**DESCRIPTION OF THE TASK**.
Which lines to output? The line containing "Restaurante Mochomos Metepec" and every line after it in the data below, each copied exactly.

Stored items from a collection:

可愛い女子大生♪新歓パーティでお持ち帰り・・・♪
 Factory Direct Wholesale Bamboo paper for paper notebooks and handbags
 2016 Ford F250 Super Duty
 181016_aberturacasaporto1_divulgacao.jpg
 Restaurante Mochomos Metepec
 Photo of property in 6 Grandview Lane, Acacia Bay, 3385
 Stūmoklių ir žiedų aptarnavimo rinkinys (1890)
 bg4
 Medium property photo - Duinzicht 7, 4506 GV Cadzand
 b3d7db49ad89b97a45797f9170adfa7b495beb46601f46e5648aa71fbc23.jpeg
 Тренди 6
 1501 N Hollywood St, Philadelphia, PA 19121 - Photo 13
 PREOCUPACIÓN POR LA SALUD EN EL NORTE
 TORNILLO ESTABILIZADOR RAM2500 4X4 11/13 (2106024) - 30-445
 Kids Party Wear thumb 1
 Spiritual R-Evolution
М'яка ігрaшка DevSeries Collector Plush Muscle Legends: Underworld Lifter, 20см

**RESPONSE AREA**.
 Restaurante Mochomos Metepec
 Photo of property in 6 Grandview Lane, Acacia Bay, 3385
 Stūmoklių ir žiedų aptarnavimo rinkinys (1890)
 bg4
 Medium property photo - Duinzicht 7, 4506 GV Cadzand
 b3d7db49ad89b97a45797f9170adfa7b495beb46601f46e5648aa71fbc23.jpeg
 Тренди 6
 1501 N Hollywood St, Philadelphia, PA 19121 - Photo 13
 PREOCUPACIÓN POR LA SALUD EN EL NORTE
 TORNILLO ESTABILIZADOR RAM2500 4X4 11/13 (2106024) - 30-445
 Kids Party Wear thumb 1
 Spiritual R-Evolution
М'яка ігрaшка DevSeries Collector Plush Muscle Legends: Underworld Lifter, 20см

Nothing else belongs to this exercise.